◆ **What the task requires**: Wherever the line with "ELAYARD 500Pcs White" sits in the listing below, transcribe from it up to and including the line with "The small LED", exactly, and leave the remaining lines out.

◆ **The input**:
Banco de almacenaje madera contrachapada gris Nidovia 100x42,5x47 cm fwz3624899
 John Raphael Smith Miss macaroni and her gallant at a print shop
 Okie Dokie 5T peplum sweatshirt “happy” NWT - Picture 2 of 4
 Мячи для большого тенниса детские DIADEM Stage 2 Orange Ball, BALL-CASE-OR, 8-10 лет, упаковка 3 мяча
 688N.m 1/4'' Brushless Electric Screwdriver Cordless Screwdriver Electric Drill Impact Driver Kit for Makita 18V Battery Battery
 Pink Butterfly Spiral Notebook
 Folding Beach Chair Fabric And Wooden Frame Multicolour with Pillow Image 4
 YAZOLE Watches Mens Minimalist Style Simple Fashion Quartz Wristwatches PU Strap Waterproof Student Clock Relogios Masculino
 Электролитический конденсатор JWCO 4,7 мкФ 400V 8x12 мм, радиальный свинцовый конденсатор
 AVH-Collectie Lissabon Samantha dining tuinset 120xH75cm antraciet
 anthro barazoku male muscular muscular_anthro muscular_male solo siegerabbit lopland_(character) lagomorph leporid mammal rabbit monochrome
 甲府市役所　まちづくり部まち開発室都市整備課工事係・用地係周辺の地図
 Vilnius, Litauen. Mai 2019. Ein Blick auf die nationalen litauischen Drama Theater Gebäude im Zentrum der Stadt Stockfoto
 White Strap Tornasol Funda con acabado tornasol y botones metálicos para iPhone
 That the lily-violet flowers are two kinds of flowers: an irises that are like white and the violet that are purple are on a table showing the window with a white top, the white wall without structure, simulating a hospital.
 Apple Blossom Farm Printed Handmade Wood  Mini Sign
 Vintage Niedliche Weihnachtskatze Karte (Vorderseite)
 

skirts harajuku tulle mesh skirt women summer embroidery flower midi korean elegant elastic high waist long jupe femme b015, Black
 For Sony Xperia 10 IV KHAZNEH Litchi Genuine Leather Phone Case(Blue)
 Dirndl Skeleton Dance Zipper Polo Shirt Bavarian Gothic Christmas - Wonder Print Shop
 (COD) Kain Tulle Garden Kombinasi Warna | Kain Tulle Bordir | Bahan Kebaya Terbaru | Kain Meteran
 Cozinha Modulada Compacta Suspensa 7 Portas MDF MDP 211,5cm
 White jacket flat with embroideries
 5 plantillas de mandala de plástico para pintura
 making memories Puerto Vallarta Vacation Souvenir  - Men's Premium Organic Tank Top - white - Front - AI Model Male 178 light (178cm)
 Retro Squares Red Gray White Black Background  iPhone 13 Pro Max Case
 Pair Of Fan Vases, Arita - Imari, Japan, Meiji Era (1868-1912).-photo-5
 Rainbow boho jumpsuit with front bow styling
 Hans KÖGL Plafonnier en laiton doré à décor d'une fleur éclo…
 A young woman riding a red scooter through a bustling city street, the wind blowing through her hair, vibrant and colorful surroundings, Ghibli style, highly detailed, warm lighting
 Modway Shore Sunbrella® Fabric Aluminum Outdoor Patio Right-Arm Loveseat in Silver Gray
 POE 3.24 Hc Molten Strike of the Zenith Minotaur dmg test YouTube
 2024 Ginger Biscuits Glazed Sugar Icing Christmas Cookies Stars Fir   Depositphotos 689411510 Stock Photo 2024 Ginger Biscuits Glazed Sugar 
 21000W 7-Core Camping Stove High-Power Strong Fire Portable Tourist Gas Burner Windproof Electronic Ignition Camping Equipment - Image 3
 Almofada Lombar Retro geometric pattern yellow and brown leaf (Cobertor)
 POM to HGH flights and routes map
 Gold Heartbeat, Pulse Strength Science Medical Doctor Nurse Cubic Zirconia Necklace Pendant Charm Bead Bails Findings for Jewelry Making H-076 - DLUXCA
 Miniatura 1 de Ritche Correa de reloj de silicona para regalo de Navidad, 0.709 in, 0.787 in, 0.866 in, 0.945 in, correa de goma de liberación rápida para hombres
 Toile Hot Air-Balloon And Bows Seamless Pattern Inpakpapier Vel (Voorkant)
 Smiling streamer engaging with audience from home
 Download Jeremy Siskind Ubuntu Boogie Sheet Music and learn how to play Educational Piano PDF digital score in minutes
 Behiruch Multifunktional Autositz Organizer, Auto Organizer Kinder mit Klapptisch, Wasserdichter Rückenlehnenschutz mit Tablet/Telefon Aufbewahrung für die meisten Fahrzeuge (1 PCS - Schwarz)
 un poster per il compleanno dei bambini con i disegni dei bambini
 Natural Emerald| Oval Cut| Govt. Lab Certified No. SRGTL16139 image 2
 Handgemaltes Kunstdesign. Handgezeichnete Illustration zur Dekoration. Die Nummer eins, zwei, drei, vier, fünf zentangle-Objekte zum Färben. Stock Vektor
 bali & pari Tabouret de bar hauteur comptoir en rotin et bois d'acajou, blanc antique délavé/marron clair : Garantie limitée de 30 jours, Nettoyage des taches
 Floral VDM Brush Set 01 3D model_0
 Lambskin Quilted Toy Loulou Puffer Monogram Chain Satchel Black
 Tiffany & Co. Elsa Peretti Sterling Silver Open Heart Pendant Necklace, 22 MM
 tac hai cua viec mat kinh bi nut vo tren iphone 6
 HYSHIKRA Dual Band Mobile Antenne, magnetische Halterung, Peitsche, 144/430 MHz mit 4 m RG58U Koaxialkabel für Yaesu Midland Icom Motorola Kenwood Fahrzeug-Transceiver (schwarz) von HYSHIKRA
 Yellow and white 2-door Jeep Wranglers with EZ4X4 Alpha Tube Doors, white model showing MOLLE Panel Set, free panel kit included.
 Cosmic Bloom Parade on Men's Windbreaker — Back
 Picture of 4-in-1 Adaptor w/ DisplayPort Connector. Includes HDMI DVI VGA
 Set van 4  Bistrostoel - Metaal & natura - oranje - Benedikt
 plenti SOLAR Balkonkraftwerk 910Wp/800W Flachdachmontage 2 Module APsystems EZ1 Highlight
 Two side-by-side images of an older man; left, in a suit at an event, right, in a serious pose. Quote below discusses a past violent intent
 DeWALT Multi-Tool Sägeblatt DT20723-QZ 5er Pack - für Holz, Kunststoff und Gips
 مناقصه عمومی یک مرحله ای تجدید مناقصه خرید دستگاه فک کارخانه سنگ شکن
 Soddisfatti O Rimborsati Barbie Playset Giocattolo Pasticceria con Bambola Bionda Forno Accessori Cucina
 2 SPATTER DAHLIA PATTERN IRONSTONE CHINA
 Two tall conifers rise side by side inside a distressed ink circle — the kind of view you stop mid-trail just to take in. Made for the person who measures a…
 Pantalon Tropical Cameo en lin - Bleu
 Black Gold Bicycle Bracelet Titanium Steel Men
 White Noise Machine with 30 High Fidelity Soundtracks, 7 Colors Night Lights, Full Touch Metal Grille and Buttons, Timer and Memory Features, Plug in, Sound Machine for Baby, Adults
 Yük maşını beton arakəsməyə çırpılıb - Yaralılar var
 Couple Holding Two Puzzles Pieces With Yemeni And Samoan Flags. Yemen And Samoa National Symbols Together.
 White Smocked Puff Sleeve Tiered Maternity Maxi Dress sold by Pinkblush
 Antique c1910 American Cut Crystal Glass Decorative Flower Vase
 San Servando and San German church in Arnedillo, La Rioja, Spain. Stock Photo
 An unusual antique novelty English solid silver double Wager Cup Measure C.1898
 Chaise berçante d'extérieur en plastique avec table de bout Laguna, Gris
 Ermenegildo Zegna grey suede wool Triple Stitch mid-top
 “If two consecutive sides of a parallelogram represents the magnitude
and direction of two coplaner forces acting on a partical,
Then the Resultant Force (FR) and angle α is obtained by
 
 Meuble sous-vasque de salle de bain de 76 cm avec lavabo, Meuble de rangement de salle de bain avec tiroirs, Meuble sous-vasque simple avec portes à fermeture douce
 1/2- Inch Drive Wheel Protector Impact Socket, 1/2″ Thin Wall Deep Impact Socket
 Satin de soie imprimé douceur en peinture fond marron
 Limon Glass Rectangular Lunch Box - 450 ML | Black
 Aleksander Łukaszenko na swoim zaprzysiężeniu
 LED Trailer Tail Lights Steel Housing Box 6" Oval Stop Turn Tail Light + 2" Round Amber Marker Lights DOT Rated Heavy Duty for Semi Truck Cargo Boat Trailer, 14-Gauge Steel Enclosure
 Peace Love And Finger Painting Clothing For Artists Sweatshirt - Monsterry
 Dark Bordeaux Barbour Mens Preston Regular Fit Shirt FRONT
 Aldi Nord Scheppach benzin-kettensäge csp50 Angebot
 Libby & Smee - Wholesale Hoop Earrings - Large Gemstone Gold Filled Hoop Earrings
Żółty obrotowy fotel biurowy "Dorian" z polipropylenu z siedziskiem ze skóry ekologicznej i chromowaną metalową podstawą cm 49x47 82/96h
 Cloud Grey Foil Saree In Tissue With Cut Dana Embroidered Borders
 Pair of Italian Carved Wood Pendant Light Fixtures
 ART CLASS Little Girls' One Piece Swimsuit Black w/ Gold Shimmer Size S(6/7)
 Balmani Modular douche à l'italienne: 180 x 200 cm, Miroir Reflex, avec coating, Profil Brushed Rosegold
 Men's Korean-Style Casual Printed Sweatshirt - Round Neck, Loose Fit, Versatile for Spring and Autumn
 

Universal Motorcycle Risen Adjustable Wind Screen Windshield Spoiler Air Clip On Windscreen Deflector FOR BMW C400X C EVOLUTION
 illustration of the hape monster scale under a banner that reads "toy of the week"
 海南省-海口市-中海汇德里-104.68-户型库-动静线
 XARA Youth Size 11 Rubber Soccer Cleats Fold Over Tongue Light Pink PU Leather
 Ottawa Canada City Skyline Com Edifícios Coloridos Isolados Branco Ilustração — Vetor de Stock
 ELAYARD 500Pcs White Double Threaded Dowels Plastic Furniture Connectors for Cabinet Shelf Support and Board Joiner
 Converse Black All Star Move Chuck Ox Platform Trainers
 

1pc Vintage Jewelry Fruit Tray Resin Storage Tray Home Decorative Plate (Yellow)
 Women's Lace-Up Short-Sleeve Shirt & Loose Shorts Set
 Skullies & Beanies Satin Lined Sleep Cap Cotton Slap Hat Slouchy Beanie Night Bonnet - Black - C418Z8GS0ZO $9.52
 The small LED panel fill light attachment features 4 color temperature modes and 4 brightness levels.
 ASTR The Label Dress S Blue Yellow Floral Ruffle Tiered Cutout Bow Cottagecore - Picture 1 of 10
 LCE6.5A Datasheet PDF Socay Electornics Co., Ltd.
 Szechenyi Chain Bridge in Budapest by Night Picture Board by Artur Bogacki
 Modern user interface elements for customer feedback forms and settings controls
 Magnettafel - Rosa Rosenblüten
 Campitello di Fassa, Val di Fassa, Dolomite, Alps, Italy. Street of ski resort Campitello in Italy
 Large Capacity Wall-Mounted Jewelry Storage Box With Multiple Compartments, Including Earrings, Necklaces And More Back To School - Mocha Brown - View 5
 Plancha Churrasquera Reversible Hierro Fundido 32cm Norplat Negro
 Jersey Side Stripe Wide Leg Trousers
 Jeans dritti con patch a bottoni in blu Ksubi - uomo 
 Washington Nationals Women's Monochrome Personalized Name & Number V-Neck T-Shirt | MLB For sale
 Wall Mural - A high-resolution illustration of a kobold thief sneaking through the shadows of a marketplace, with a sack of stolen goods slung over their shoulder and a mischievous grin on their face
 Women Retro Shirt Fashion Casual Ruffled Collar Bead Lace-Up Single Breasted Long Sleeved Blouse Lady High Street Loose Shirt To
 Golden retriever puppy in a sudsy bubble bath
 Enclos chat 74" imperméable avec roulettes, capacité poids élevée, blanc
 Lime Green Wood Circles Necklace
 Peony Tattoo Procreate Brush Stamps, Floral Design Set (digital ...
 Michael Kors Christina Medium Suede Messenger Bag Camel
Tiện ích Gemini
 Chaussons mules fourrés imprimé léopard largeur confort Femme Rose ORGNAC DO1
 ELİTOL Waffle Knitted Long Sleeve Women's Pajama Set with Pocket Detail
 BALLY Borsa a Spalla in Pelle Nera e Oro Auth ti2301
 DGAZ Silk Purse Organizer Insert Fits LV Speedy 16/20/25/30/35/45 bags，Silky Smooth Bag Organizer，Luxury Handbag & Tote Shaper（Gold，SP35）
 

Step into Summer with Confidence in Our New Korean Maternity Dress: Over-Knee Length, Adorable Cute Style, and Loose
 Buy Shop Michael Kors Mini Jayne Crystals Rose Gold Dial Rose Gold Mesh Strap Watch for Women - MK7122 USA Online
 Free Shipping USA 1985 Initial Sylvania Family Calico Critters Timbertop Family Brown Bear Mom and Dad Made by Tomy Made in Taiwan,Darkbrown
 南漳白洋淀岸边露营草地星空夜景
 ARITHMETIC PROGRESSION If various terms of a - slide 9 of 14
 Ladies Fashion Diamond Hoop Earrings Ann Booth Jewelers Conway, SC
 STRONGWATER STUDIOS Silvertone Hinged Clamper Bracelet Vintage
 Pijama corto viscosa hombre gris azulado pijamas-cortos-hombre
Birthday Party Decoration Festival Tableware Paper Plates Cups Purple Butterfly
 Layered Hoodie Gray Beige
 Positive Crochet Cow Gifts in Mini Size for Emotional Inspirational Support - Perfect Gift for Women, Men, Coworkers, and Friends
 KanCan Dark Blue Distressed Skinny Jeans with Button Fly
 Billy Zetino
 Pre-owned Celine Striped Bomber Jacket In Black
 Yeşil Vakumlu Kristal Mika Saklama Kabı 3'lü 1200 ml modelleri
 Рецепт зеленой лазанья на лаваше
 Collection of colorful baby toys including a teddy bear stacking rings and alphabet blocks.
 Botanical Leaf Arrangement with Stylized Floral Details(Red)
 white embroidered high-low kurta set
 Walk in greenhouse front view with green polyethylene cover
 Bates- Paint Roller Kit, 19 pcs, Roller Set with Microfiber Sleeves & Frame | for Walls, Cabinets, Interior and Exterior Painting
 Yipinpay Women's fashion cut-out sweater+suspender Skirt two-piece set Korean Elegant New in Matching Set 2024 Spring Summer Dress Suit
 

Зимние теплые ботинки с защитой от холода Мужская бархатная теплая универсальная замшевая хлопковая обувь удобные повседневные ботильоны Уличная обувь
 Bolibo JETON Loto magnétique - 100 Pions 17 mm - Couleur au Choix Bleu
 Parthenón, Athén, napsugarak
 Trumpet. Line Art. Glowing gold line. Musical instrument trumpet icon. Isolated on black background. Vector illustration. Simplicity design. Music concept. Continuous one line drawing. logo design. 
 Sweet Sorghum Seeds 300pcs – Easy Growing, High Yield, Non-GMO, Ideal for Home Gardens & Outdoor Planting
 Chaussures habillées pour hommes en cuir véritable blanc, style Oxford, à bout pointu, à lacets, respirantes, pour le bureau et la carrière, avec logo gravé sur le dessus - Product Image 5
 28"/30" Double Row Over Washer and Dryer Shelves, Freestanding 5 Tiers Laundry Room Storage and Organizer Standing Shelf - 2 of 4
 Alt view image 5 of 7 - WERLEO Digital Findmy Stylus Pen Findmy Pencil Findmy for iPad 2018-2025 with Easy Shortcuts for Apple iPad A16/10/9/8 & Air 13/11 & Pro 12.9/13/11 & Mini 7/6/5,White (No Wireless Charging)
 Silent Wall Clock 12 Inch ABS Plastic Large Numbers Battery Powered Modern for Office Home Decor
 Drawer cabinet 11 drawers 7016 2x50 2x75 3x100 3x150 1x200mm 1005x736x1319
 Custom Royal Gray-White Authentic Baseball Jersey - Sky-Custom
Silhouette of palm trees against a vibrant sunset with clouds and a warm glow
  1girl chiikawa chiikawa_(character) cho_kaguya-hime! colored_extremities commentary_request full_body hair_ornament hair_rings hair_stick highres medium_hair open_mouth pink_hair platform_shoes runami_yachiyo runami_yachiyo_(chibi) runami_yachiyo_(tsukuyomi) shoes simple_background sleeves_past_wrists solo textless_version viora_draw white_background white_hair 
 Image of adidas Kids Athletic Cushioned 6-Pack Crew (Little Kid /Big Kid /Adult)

◆ **Response to this task**:
 ELAYARD 500Pcs White Double Threaded Dowels Plastic Furniture Connectors for Cabinet Shelf Support and Board Joiner
 Converse Black All Star Move Chuck Ox Platform Trainers
 

1pc Vintage Jewelry Fruit Tray Resin Storage Tray Home Decorative Plate (Yellow)
 Women's Lace-Up Short-Sleeve Shirt & Loose Shorts Set
 Skullies & Beanies Satin Lined Sleep Cap Cotton Slap Hat Slouchy Beanie Night Bonnet - Black - C418Z8GS0ZO $9.52
 The small LED panel fill light attachment features 4 color temperature modes and 4 brightness levels.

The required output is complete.